Libzypp/Refactoring/CacheSchema
From openSUSE
Contents |
Current Schema
Solver Requisites
The queries for the solver include: (Kindly provided by schubi)
- get all installed items
- get all uninstalled items
- get all installed/uninstalled items of a specific kind
- just find installed item with same kind/name as item Helper::findInstalledByNameAndKind (const ResPool & pool, const string & name, const Resolvable::Kind & kind)
- just find uninstalled item with same kind/name as item Helper::findUninstalledByNameAndKind (const ResPool & pool, const string & name, const Resolvable::Kind & kind)
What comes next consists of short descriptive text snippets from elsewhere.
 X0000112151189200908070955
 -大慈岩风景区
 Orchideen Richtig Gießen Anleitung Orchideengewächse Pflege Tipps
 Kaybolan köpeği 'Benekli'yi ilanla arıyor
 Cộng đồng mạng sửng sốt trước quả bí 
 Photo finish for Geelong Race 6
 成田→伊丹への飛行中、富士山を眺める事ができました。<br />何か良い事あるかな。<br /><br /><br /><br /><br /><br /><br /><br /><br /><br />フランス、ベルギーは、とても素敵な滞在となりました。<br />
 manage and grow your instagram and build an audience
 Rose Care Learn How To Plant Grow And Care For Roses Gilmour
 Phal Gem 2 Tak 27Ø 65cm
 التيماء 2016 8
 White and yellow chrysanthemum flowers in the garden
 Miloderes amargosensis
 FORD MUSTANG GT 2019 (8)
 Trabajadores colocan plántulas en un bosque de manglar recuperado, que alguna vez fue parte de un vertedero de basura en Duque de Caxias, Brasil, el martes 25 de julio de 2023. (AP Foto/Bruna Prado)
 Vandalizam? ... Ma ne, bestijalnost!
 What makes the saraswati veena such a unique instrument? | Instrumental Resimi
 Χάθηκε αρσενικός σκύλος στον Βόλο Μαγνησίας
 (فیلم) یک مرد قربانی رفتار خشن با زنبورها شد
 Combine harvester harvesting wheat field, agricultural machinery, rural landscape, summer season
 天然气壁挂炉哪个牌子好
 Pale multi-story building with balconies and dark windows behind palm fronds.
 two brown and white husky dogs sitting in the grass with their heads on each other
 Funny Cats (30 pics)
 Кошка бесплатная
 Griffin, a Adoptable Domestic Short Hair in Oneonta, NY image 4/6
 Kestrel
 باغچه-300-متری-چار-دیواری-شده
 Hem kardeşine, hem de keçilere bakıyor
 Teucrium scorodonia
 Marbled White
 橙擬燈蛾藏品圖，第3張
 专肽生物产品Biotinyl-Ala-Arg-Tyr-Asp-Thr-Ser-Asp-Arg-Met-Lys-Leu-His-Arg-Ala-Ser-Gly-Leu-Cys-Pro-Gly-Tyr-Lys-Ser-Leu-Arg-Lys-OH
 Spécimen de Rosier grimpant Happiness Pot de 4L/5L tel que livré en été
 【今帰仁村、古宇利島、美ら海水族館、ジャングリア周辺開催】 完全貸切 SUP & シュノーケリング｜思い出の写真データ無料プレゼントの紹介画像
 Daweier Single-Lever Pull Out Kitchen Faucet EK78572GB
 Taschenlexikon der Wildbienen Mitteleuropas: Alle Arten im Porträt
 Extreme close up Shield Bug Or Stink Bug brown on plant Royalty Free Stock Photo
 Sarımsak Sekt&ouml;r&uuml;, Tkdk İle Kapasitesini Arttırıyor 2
- just find best (according to edition) uninstalled item with same kind/name as item
- // *DOES* check edition
- PoolItem_Ref Helper::findUpdateItem (const ResPool & pool, PoolItem_Ref item)
- check if the given item is the best one of the pool
- // Takes arch, edition in order to check it
- bool Helper::isBestUninstalledItem (const ResPool & pool, PoolItem_Ref item)
- get all requires,obsoletes,provides,recommends,... of an item
- find all INSTALLED items which provides foo
- find all UNINSTALLED items which provides foo
- find all items which provides foo
- find all locked items
- find items which have a freshens entry with a given name or corresponds with one of a given name list
- find items which have a supplements entry with a given name or corresponds with one of a given name list
- find items which have a conflicts entry with a given name or corresponds with one of a given name list
- find items which have a recommend entry with a given name or corresponds with one of a given name list
- find all INSTALLED items which requires foo
- find all UNINSTALLED items which requires foo
Most of those can be represented by single table queries which don't depend on the schema at all except:
- 6. requires edition comparision
- 9. 10. 11. 17. 18. Style queries are analyzed in our example for different schemas
- 13. 14. 15. 16. Same as above
Other system schema comparision
xpkg - http://www.xpkg.org
Uses a simple dependency model (name,major,minor). Database schema only has a packages table.
YUM - http://linux.duke.edu/projects/yum
/var/cache/yum/stable/ total 348M 0 cachecookie 16M filelists.xml.gz 72M filelists.xml.gz.sqlite 48 headers 45M other.xml.gz 172M other.xml.gz.sqlite 48 packages 6.8M primary.xml.gz 37M primary.xml.gz.sqlite 951 repomd.xml
The schema is basically a 1:1 copy of the XML schema with different databases per xml file. They also keep the raw cache.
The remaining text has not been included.